The board of directors is responsible for selecting its own nominees and recommending them for election by the stockholders. Each of our nominees was recommended by our board of directors. Pursuant to our charter, however, the independent directors must nominate replacements for any vacancies among the independent director positions. All director nominees then stand for election by the stockholders annually.
 
In its nomination review process, our board of directors solicits candidate recommendations from its own members and management of the Company. Our board of directors may engage the services of a search firm to assist in identifying potential director nominees. Our board of directors also will consider recommendations made by stockholders for director nominees who meet the established director criteria set forth above. In order to be considered by our board of directors, recommendations made by stockholders must be submitted within the timeframe required to request a proposal to be included in the proxy materials. See “Stockholder Proposals” below. In evaluating the persons recommended as potential directors, our board of directors will consider each candidate without regard to the source of the recommendation and take into account those factors that our board of directors determines are relevant.
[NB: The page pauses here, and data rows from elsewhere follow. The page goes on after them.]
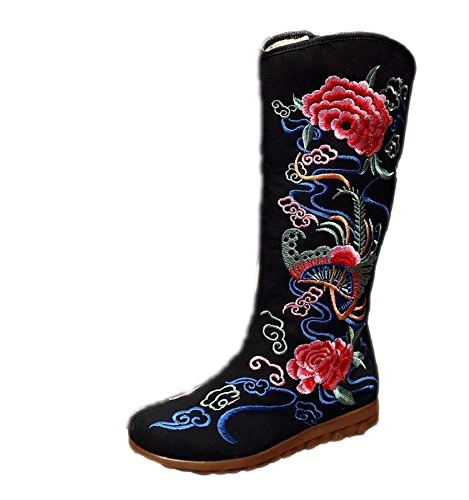 Women Lady Chinese Style Embroidery Comfort Flats Boots Casual Everyday High Boot (EU 37, Black)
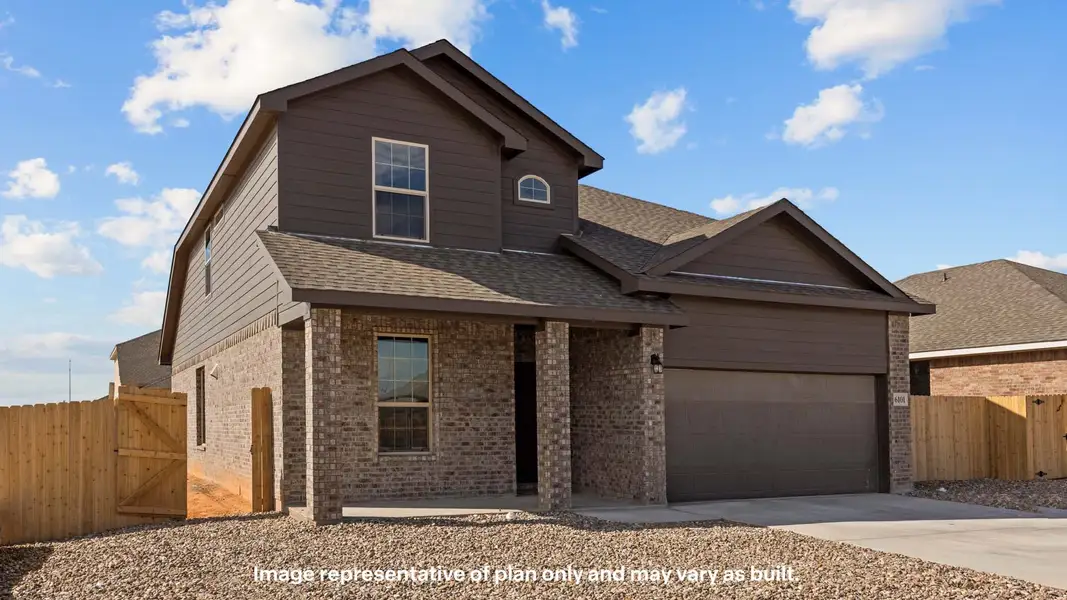 Front exterior of a new home in Legacy South, Midland, TX, highlighting curb appeal (Image 2). Front exterior of a new home in Legacy South, Midland, TX, highlighting curb appeal (Image 2).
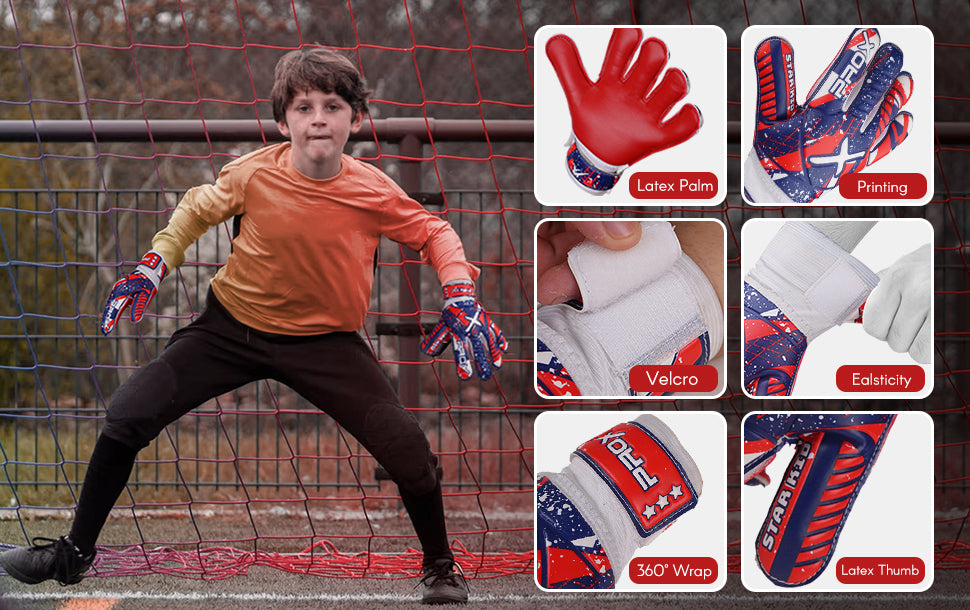 Young goalkeeper wearing Star Kid goalkeeper gloves with highlighted features including latex palm, printing design, Velcro closure, elasticity, 360° wrist wrap, and latex thumb protection.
Stockholders may directly nominate potential directors (without the recommendation of our board of directors) by satisfying the procedural requirements for such nomination as provided in Article II, Section 12 of our bylaws.
 
In considering possible candidates for election as a director, the Board of Directors is guided by the principle that each director should (i) be an individual of high character and integrity; (ii) be accomplished in his or her respective field, with superior credentials and recognition; (iii) have relevant expertise and experience upon which to be able to offer advice and guidance to management; (iv) have sufficient time available to devote to our affairs; (v) represent the long-term interests of our stockholders as a whole; and (vi) represent a diversity of background and experience.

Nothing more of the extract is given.